● What is expected
Your answer must consist solely of the lines from the one containing "Solárne svetlo veterný" through the last line of the records below, reproduced exactly, with all pictures omitted.
▼
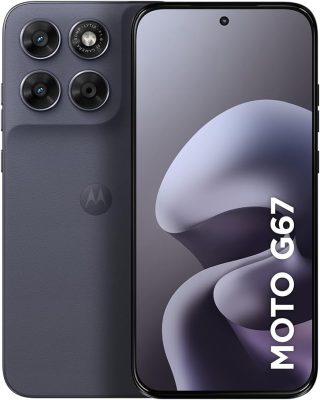 Smartphone Motorola Moto G67 5G - 256GB 4GB RAM + 8GB RAM Boost camera 50MP Sony Lytia 600, tela 1.5K extreme Amoled 120hz, ultrarresistente - Chumbo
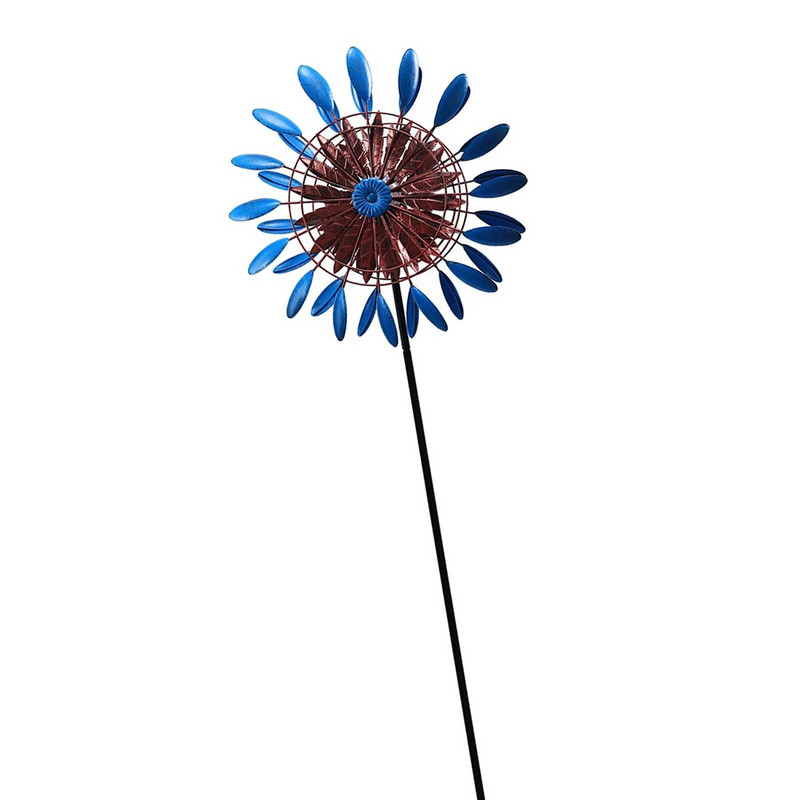 Solárne svetlo veterný mlyn ornament rotujúce farebné krajinné dekorácie pre záhradu vonku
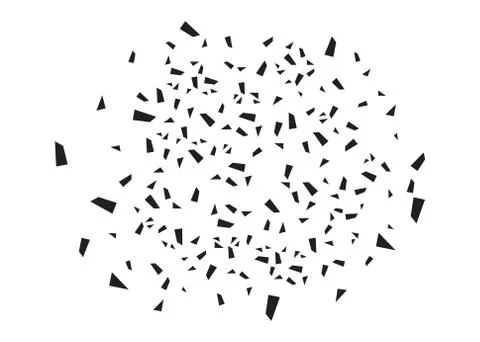 Vector glass explosion isolated. Shatter glass particle Stock Illustration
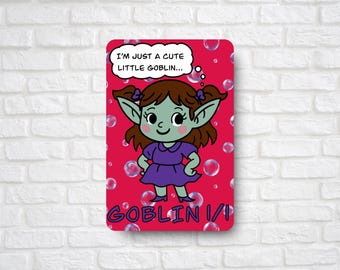 1/1 Goblin Token (für Magic the Gathering) Bubbles Kollektion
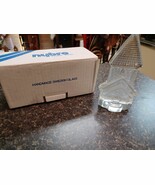 Nybro Sweden Crystal Chapel Steeple Church Art Glass Tea Light Candle Ho... - $19.79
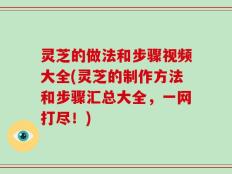 灵芝的做法和步骤视频大全(灵芝的制作方法和步骤汇总大全，一网打尽！)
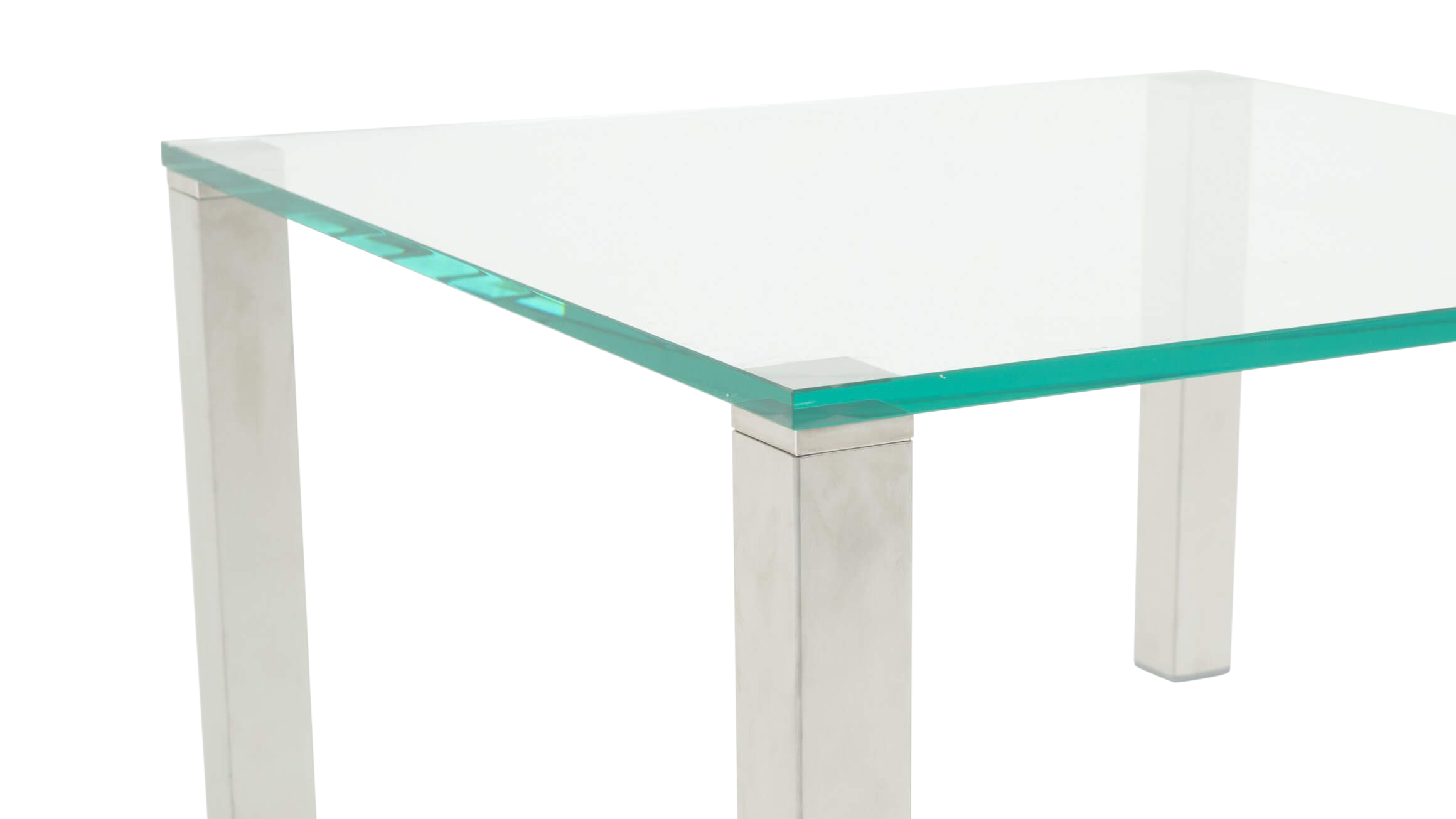 Salontisch Queen, Glas, Edelstahl, b 70 cm t 70 cm h 40 cm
▲
● Completed task
 Solárne svetlo veterný mlyn ornament rotujúce farebné krajinné dekorácie pre záhradu vonku
 Vector glass explosion isolated. Shatter glass particle Stock Illustration
 1/1 Goblin Token (für Magic the Gathering) Bubbles Kollektion
 Nybro Sweden Crystal Chapel Steeple Church Art Glass Tea Light Candle Ho... - $19.79
 灵芝的做法和步骤视频大全(灵芝的制作方法和步骤汇总大全，一网打尽！)
 Salontisch Queen, Glas, Edelstahl, b 70 cm t 70 cm h 40 cm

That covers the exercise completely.